1,25 (OH)2 Vitamin D increases the development of IL-10 secreting cells and down-regulates the number of IL-6 and L-17 secreting cells. Purified CD4+ T cells (A) and MBP peptide-specific T-cell lines (B) isolated from both relapsing remitting multiple sclerosis patients and healthy controls, were stimulated with 1 μg/ml of plate-bound anti-CD3 mAb in the presence or in the absence of 1,25 (OH)2 Vitamin D (10 nM). After 72 h in culture the number of cytokine secreting cells was evaluated using ELISPOT assays. In some experiments CD4+ T cells (C) or MBP peptide-specific T-cell lines (D) were incubated with IL-10 (ng/ml) alone or in combination with 1,25 (OH)2 Vitamin D. In other groups of experiments neutralizing anti IL-10 receptor mAb (10 μg/ml) was simultaneously added to culture, and the number of IL-10 secreting cells evaluated using ELISPOT assays. Results of 16 experiments are shown. *P = 0.01, §P = 0.001, **P < 0.0001, compared with untreated cells.

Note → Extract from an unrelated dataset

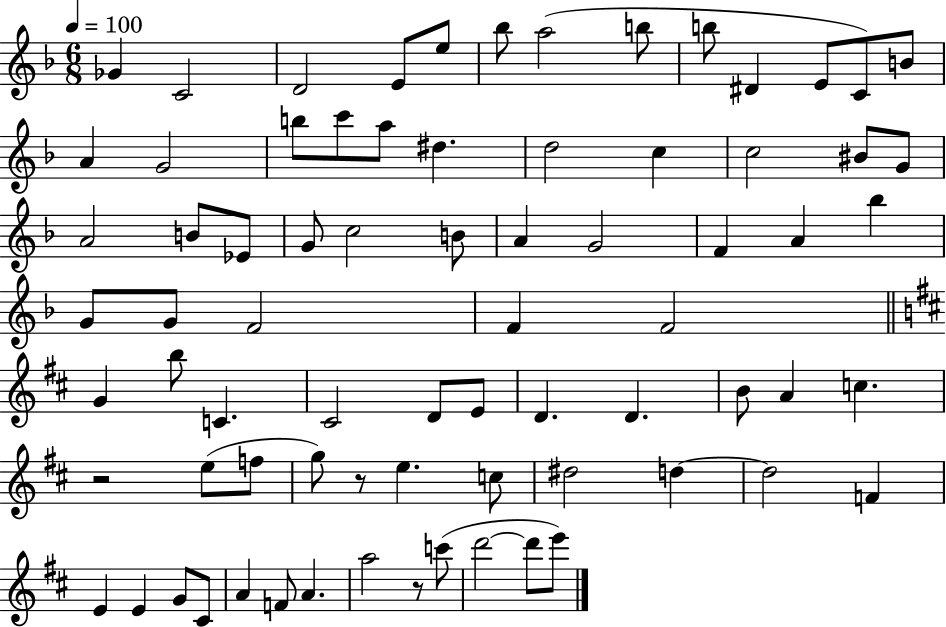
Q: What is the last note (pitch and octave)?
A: E6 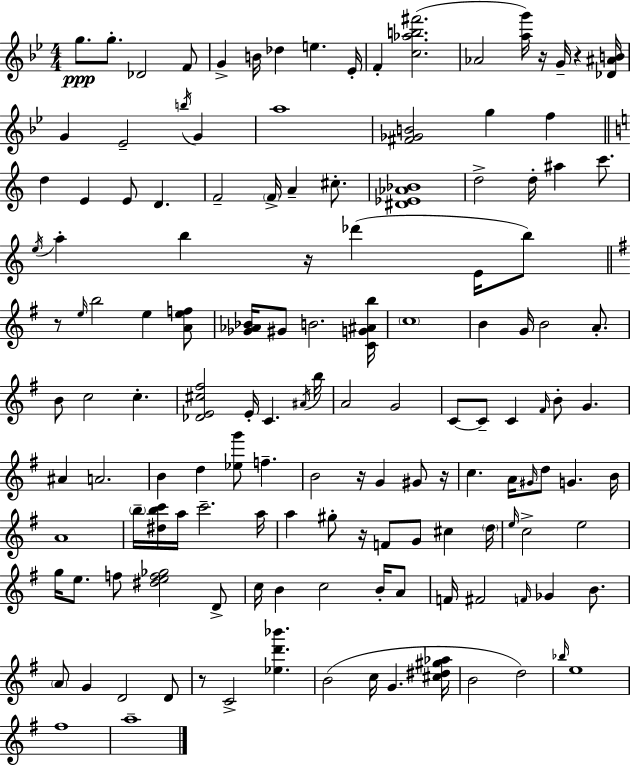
G5/e. G5/e. Db4/h F4/e G4/q B4/s Db5/q E5/q. Eb4/s F4/q [C5,Ab5,B5,F#6]/h. Ab4/h [A5,G6]/s R/s G4/s R/q [Db4,A#4,B4]/s G4/q Eb4/h B5/s G4/q A5/w [F#4,Gb4,B4]/h G5/q F5/q D5/q E4/q E4/e D4/q. F4/h F4/s A4/q C#5/e. [D#4,Eb4,Ab4,Bb4]/w D5/h D5/s A#5/q C6/e. E5/s A5/q B5/q R/s Db6/q E4/s B5/e R/e E5/s B5/h E5/q [A4,E5,F5]/e [Gb4,Ab4,Bb4]/s G#4/e B4/h. [C4,G4,A#4,B5]/s C5/w B4/q G4/s B4/h A4/e. B4/e C5/h C5/q. [Db4,E4,C#5,F#5]/h E4/s C4/q. A#4/s B5/s A4/h G4/h C4/e C4/e C4/q F#4/s B4/e G4/q. A#4/q A4/h. B4/q D5/q [Eb5,G6]/e F5/q. B4/h R/s G4/q G#4/e R/s C5/q. A4/s G#4/s D5/e G4/q. B4/s A4/w B5/s [D#5,B5,C6]/s A5/s C6/h. A5/s A5/q G#5/e R/s F4/e G4/e C#5/q D5/s E5/s C5/h E5/h G5/s E5/e. F5/e [D#5,E5,F5,Gb5]/h D4/e C5/s B4/q C5/h B4/s A4/e F4/s F#4/h F4/s Gb4/q B4/e. A4/e G4/q D4/h D4/e R/e C4/h [Eb5,D6,Bb6]/q. B4/h C5/s G4/q. [C#5,D#5,G#5,Ab5]/s B4/h D5/h Bb5/s E5/w F#5/w A5/w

Because IL-10 is a positive autocrine factor enhancing development of IL-10 producing T cells, we assessed the role of IL-10 in this process. Using an antigen presenting cell free system, where T cells were stimulated with anti-CD3 mAb we found that the combination of 1,25 (OH)2 Vitamin D and IL-10 led to enhanced numbers of human IL-10 producing T cells, compared with the effects of 1,25 (OH)2 Vitamin D alone (Fig. 5C and D). In addition, the number of IL-10 producing T cells was significantly abrogated when a neutralizing anti-IL-10 receptor mAb was simultaneously added to cultures. Isotype control mAb had no effect (Fig. 5C and D). These results confirm that IL-10 is a positive autocrine factor that acts directly on T cells in the absence of antigen presenting cells, enhancing the action of 1,25 (OH)2 Vitamin D. Similar results were observed in both relapsing remitting patients and healthy controls.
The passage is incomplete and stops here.